● Your assignment
Print the records below exactly, omitting all pictures.

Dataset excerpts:

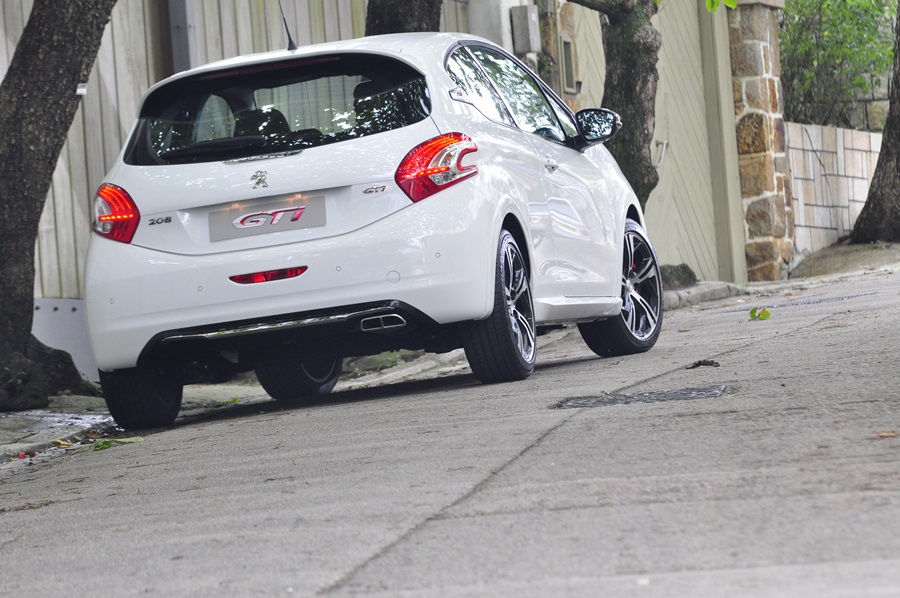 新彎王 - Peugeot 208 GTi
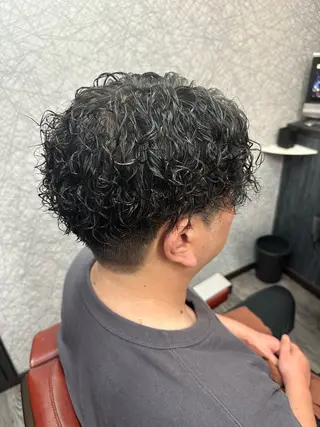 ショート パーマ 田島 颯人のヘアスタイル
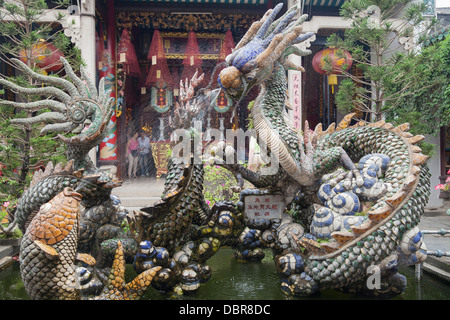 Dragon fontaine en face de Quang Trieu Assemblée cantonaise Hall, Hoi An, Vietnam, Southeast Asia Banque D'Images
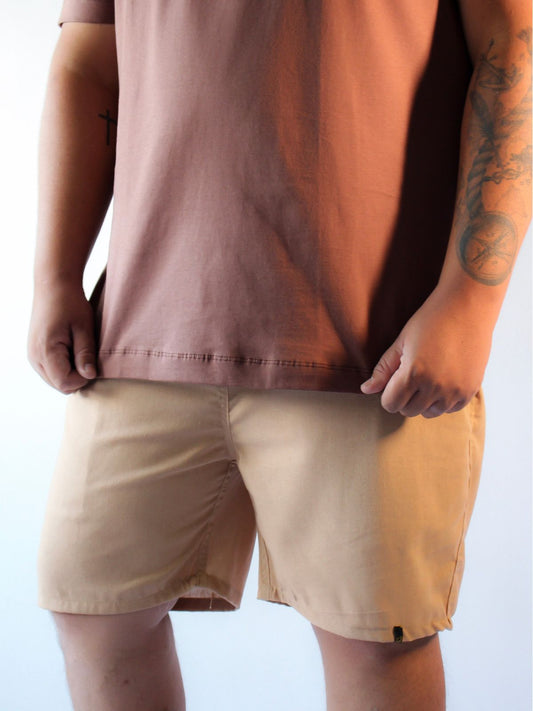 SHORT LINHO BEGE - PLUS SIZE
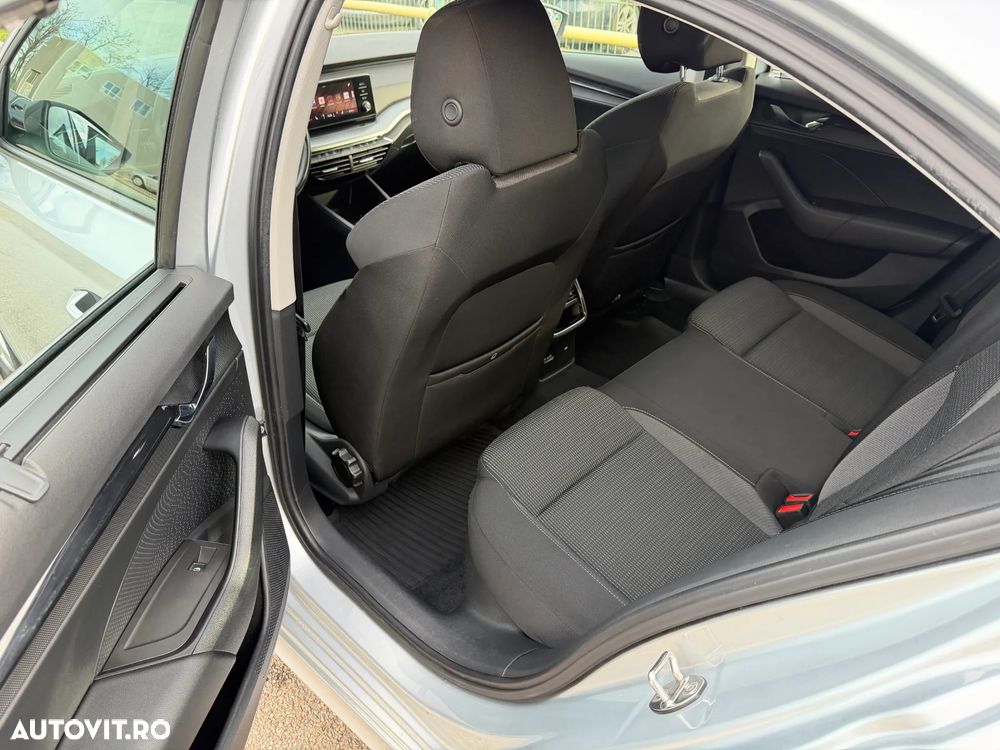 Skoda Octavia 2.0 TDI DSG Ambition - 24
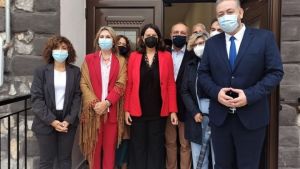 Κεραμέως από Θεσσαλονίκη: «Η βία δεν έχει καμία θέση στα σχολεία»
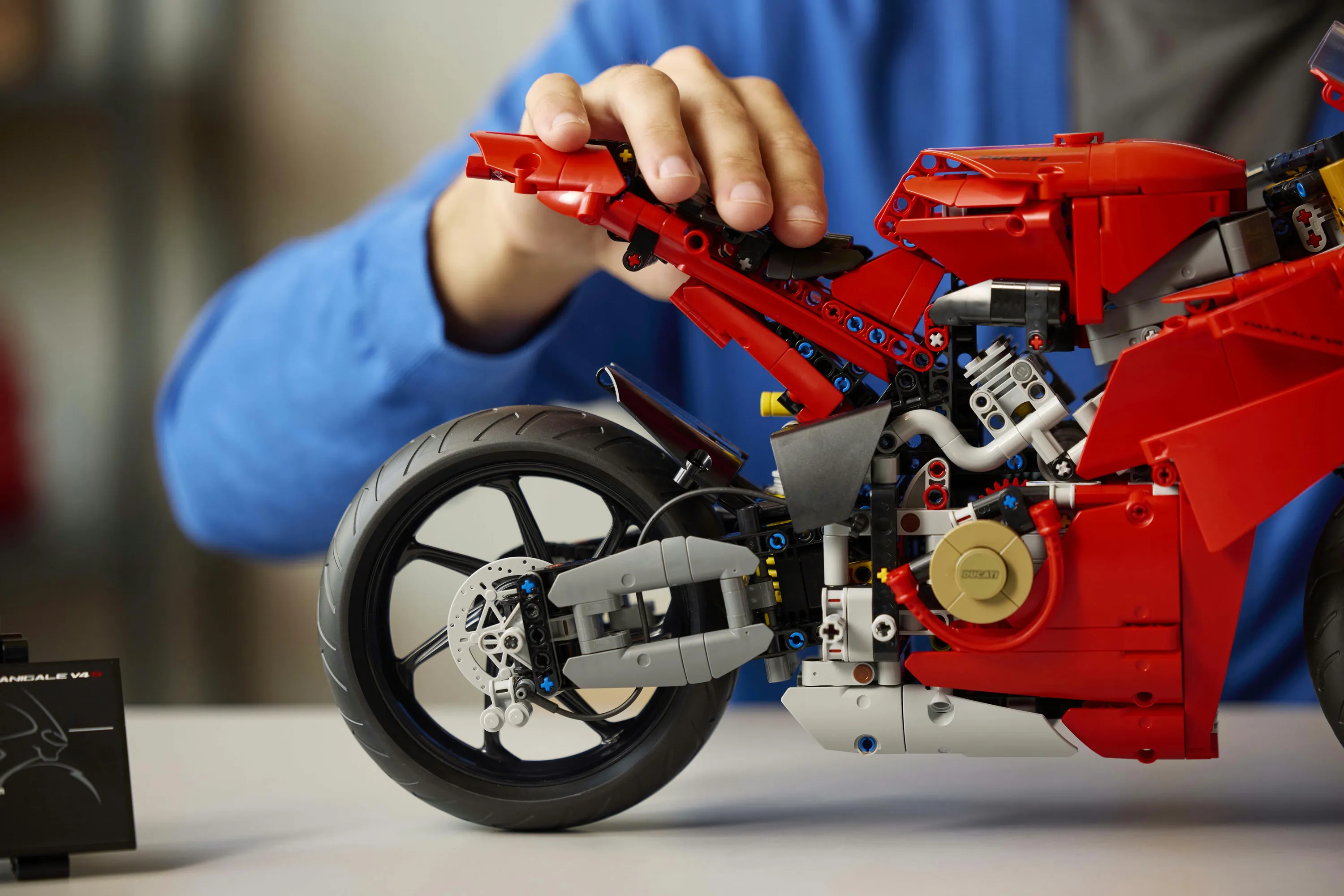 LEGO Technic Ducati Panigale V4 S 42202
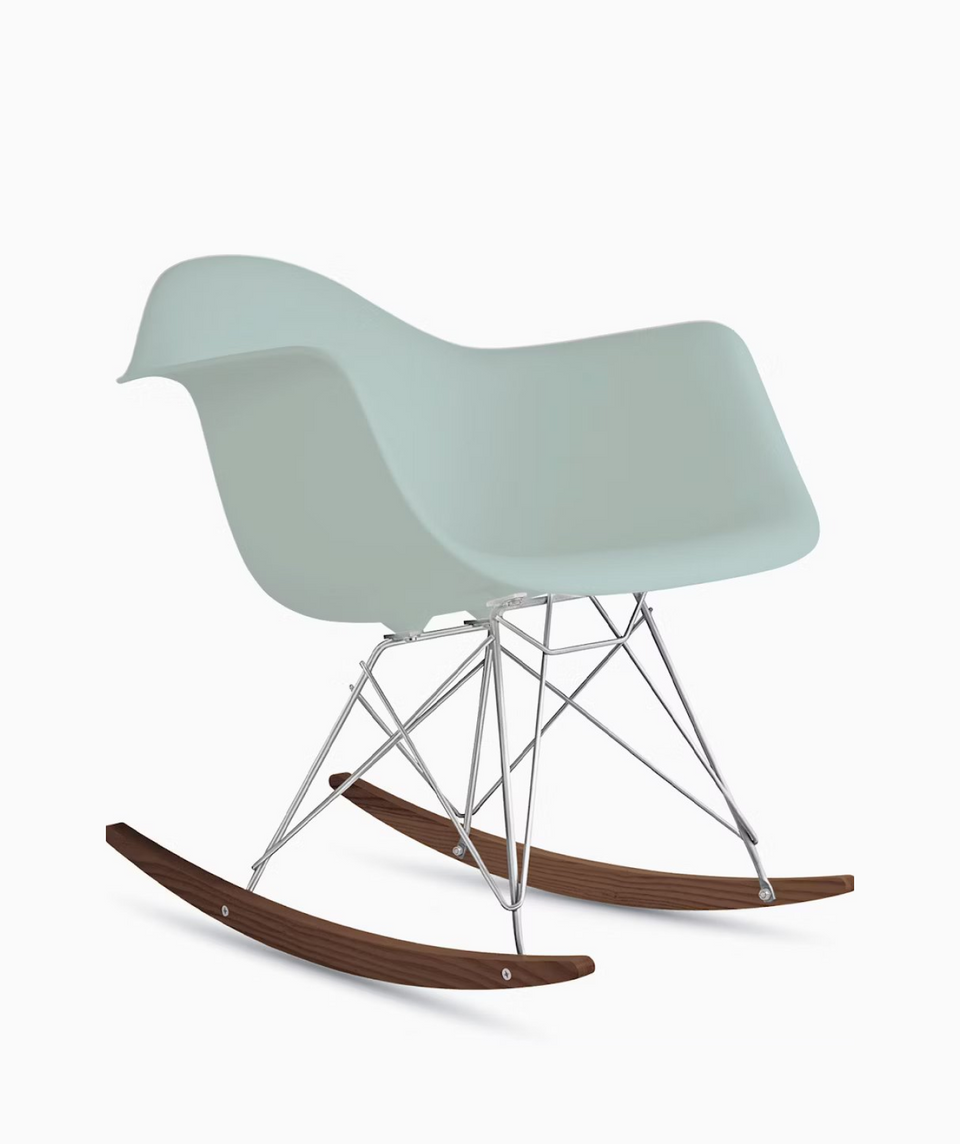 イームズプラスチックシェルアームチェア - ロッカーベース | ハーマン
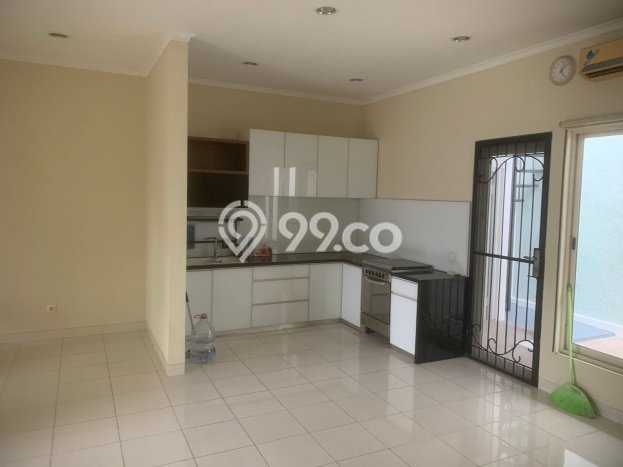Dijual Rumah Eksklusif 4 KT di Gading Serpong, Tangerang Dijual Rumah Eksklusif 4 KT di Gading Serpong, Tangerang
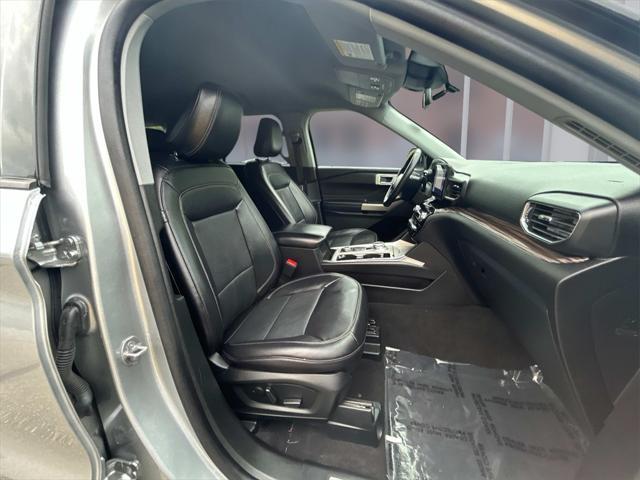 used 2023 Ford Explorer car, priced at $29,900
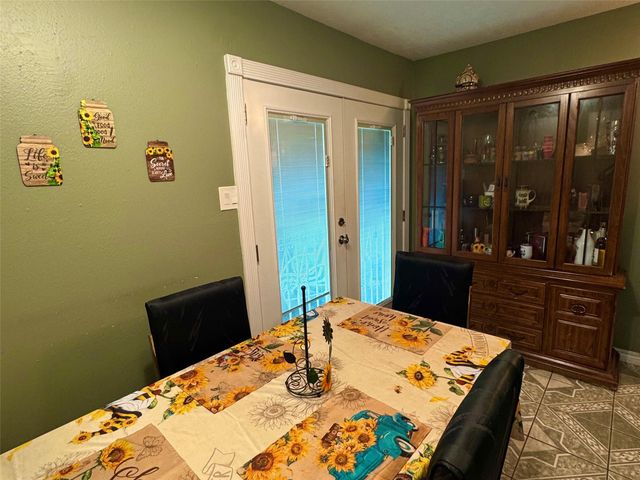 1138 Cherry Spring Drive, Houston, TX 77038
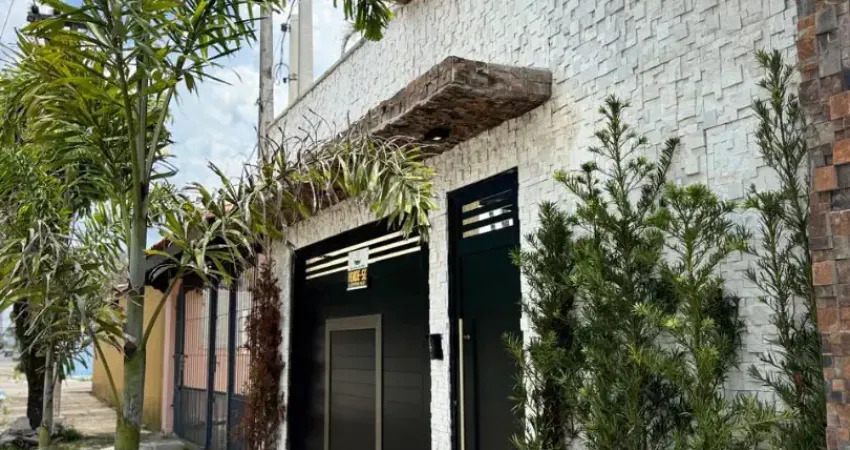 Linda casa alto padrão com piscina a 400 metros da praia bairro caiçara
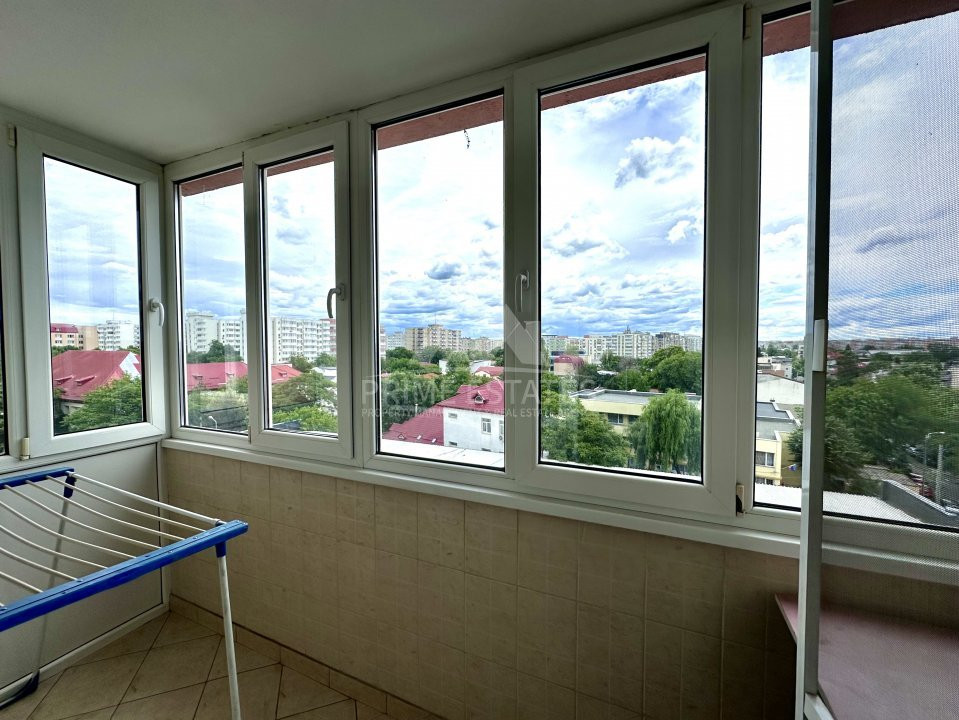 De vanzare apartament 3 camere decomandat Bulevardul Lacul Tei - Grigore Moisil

● Final answer
 新彎王 - Peugeot 208 GTi
 ショート パーマ 田島 颯人のヘアスタイル
 Dragon fontaine en face de Quang Trieu Assemblée cantonaise Hall, Hoi An, Vietnam, Southeast Asia Banque D'Images
 SHORT LINHO BEGE - PLUS SIZE
 Skoda Octavia 2.0 TDI DSG Ambition - 24
 Κεραμέως από Θεσσαλονίκη: «Η βία δεν έχει καμία θέση στα σχολεία»
 LEGO Technic Ducati Panigale V4 S 42202
 イームズプラスチックシェルアームチェア - ロッカーベース | ハーマン
Dijual Rumah Eksklusif 4 KT di Gading Serpong, Tangerang Dijual Rumah Eksklusif 4 KT di Gading Serpong, Tangerang
 used 2023 Ford Explorer car, priced at $29,900
 1138 Cherry Spring Drive, Houston, TX 77038
 Linda casa alto padrão com piscina a 400 metros da praia bairro caiçara
 De vanzare apartament 3 camere decomandat Bulevardul Lacul Tei - Grigore Moisil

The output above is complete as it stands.